Théorie de la complexité

Ects : 3

Enseignant responsable :

  • MICHAIL LAMPIS

Volume horaire : 15

Description du contenu de l'enseignement :
In this course we study the basics of computational complexity theory, focusing on time complexity, space complexity, and non-determinism. We discuss standard complexity classes, including P, NP, coNP, PSPACE, and the relations between them. We will explain how the notion of reductions allows us to understand the relative difficulty of two problems, even when both problems are intractable and see how reductions lead to the notion of problems complete for a class. We also study the fundamental notion of NP-completeness and its relatives (such as PSPACE-completeness) and explain what this notion means for computer science in general.

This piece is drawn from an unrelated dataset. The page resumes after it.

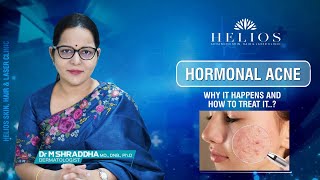 Treating Hormonal Acne  Dermatologist Tips Tamil  Dr M Shraddha [upl. by Atimed133]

If time allows we will also discuss more advanced complexity classes, such as the polynomial hierarchy, the boolean hierarchy, and randomized complexity classes.

Compétence à acquérir :
In the end of this course students will have learned how one can prove that a problem is intractable, what it means for a problem to be NP-complete or complete for another class, and the most important classes of computational complexity.
Bibliographie, lectures recommandées
Bibliography
S. Arora, B. Barak, Computational Complexity. A modern approach, Cambridge University Press, 2009.
M.R Garey, D. S. Johnson, Computers and intractability. A guide to the theory of NP-completeness, W. H. Freeman, 1979.
C. H. Papadimitriou, Computational Complexity, Addison-Wesley, 1994.